The sequence of sanctions relief is now the primary obstacle to a nuclear deal with Iran, a European diplomat familiar with the negotiations said last month.
In a Feb. 17 e-mail to Arms Control Today, the official said Iran and the six world powers (China, France, Germany, Russia, the United Kingdom, and the United States) that are negotiating with Tehran have not reached a “compromise on the sequence of lifting sanctions.” Iran is pushing for more relief early in a nuclear deal, and the six-country group, known as the P5+1, wants to “phase in relief more gradually” based on Iran’s record of compliance with a final deal, he said.
The UN Security Council, the United States, and the European Union have imposed a number of sanctions on Iran because of its nuclear activities.
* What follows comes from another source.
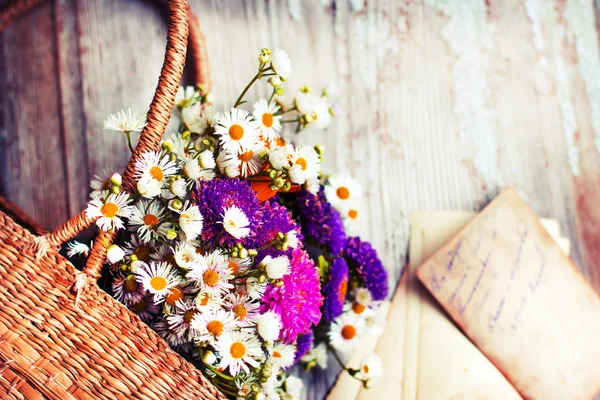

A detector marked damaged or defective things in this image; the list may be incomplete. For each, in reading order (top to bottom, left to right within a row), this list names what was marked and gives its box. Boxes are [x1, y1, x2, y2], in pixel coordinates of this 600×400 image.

peeling white paint [352, 11, 398, 93]
peeling white paint [424, 0, 504, 197]
peeling white paint [564, 0, 600, 157]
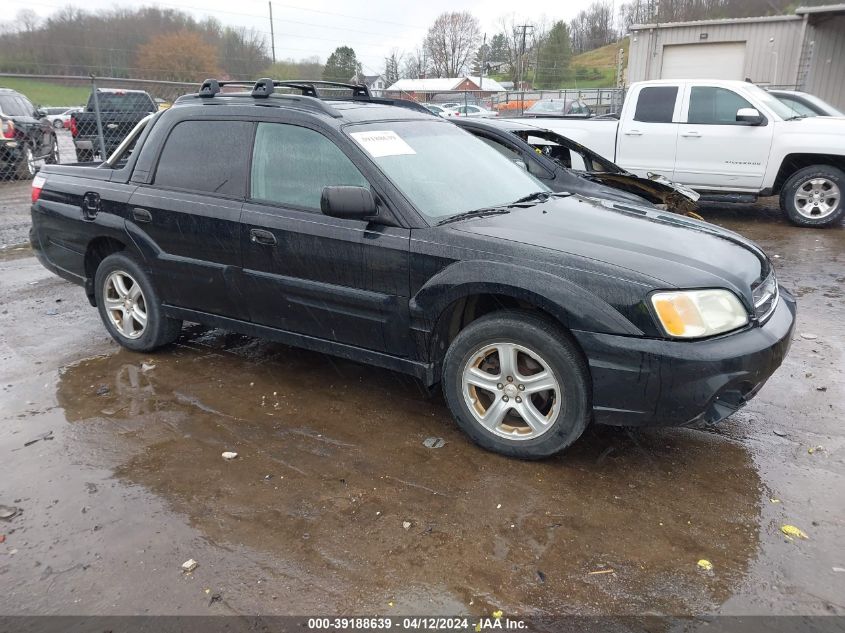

Iran generally views these sanctions as illegal and maintains that its nuclear program is entirely peaceful.
Last November, when Iran and the P5+1 agreed to extend negotiations on a comprehensive nuclear deal for a second time, sanctions relief and the size and scope of Iran’s uranium-enrichment program were the two main obstacles to reaching a comprehensive deal. (See ACT, December 2014.) At that time, the parties set the end of March as the target date for concluding a political framework agreement.
Progress on Enrichment Limits
According to the European official, the parties made substantial progress defining the size and scope of Iran’s enrichment program during several rounds of meetings in February, including two bilateral meetings between U.S. Secretary of State John Kerry and Iranian Foreign Minister and lead negotiator Mohammad Javad Zarif at the annual security conference in Munich.
Zarif and Kerry said the meetings were positive, but did not provide details on the progress made during their discussions.
The European official said the progress made during meetings at the Feb. 6-8 conference was “remarkable,” particularly on defining the limits of Iran’s enrichment capacity, but that a deal is “still not a sure thing.” A number of details must be worked out on issues related to the enrichment program, including the duration of the limits, he said.
Currently, it would take Iran two to three months to produce enough material for one weapon, according to Kerry’s congressional testimony last year. U.S. officials have said their goal in the talks is to extend that timeline to at least 12 months.
A nuclear weapon requires about 25 kilograms of uranium enriched to a level at which 90 percent of the material is uranium-235. Additional time is required to weaponize the material.
Iran is currently enriching uranium to reactor-grade levels, at which less than 5 percent of the material is U-235.
To achieve the goal of 12 months, the P5+1 wants to reduce Iran’s enrichment capacity and place limits on other elements of its nuclear program, including the stockpiles of enriched material that Iran maintains and the types of new centrifuges that the country is developing.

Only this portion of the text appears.